My guitar partner and I played a 3 pm Friday church wedding. I went to the church a week earlier to rehearse with the music director who was singing with me during communion. I noted to myself the church seemed very dim even with lights on and made a mental note to bring my Mighty Bright lamp – just in case. As it turns out, there was a power failure just as we were to play the gathering music 20 minutes before the processional. We were informed that the power would not be on for a while and the wedding would continue as planned. Thankfully, we had our music lights and the light from our iPads or it would have been a disaster. Even with some doors open, the church was very dark. As much as I try to keep my gig bag uncluttered, I will always take a light with me along with fresh batteries.

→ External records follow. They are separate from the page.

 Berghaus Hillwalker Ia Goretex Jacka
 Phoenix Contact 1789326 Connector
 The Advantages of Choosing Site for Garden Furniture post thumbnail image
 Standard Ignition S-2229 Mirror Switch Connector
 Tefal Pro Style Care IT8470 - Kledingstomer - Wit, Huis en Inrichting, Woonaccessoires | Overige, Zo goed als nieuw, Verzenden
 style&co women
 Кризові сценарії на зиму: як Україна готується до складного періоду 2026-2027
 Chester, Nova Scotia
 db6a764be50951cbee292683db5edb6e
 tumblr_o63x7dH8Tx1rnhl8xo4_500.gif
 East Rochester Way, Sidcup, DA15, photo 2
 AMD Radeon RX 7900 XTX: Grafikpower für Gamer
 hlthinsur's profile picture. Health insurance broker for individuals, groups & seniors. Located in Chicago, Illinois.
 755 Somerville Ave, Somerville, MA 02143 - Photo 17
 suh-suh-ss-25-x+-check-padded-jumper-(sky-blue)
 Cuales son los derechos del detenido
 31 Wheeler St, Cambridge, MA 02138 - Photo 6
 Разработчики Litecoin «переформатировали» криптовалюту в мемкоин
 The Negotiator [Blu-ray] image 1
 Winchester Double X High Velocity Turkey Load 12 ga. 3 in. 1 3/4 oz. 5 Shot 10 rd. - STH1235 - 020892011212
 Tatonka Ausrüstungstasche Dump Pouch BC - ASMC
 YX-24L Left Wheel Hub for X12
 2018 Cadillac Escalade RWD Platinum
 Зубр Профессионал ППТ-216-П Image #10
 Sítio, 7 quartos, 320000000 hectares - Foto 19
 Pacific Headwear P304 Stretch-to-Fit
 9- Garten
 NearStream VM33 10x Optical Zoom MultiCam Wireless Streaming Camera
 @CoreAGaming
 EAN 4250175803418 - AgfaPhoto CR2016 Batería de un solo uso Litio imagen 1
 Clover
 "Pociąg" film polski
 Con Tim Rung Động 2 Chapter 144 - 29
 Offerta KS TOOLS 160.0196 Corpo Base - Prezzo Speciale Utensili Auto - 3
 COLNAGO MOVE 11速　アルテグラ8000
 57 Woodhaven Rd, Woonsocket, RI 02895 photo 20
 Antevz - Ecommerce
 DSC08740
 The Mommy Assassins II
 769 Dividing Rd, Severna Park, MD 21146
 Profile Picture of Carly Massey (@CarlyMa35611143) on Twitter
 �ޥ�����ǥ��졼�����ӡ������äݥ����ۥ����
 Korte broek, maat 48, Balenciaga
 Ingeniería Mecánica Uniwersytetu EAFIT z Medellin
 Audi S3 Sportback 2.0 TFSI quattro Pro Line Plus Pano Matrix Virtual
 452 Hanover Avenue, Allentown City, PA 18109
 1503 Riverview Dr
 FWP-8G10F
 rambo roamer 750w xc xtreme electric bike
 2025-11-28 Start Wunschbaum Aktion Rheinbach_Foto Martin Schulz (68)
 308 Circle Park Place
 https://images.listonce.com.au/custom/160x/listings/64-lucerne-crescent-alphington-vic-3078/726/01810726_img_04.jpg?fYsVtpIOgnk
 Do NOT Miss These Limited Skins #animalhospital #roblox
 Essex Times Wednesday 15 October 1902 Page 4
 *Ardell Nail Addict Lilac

I suddenly realized, yesterday – that a clip-on light is going to be a valued/vital accessory. I’ve been playing (wire) mostly by feel, and some visual reference (as much as light conditions allow), but have recently put some color to a few of my strings on my large harp – for which I need more visual reference. And with a light (from now on), this is really an aid for me. 🙂
Your story reminds me of an incident that happened many years ago when I was living in Paris. A very fine American college choir from Bemidji University in Minnesota was giving a concert at a large church in Paris(I can’t remember now which one). They were on the third or fourth number in the program, which was some contrapuntal 18th century a cappella work. Almost as soon as they started the number, the lights in the church started to get brighter and brighter, and I thought, Oh no!!! Maybe a minute into the work, every light in the church went out. The choir was singing this very complicated work in pitch darkness, and the poor conductor couldn’t even stop them without shouting out. So they continued to sing in the darkness, and the conductor just let them sing. They finished the piece perfectly. No hint that anything had gone wrong. By the end of the piece, several candles had been lit, so there was very dim light. The house exploded into applause and shouts. At the reception afterwards I talked to the conductor about the incident. He said that at the moment it happened he nearly fainted. “But now” he said” I’m thinking of having someone turn the lights off at every concert.”
My wife was playing at an open mike in a local pub. They had red and green spot lights. She started to panic when her red and blue strings both looked black. They managed to find a table light that got her through it. After that I fitted LED lights. They have been very useful. Even allow her to play in the dark.
Thank you both for the comments.
My apologies. I did not mean to hijack this thread.
If anyone wants to know more about my harp, send me a PM. If people are interested I may start a thread telling you how it came about.
Back to the lights. I did not buy a kit for the lights. They are a self adhesive strip of white LED’s bought from Ebay. The strip is 5 mts ( 16 Feet.) long and can be cut down. They are made to run on 12V but I found they are adequate on 9V. I use a PP3 ( I am not sure what they are known as in other countries could be 1604D or 6F22 ) These last many hours. Just solder on some wires, add a switch and battery connector and there you go. As the harp is black and the strip that the LED’s are on was white, I filled in the gaps with a Sharpie. (Indelible marker pen.)
I’m glad you did “hijack” this thread! (You really did not hijack it, all comments are welcome!) I somehow missed your first post of the carbon fiber harp (Obsidia). I, for one, would love for you to start a thread about how you built this beautiful little harp. It is so sweet that you made it for your wife–I do similar things for my sweet wife of 39 years. The lights are real nice, too!
My best to you,
Another thread on the carbon fiber harp would be great. Meantime, back to the lights. I did a key word search on google “led lights for harp” and came up with 2 light kits. One is by Musicmakers, the other by Heartland Harps. Both are worth taking a look.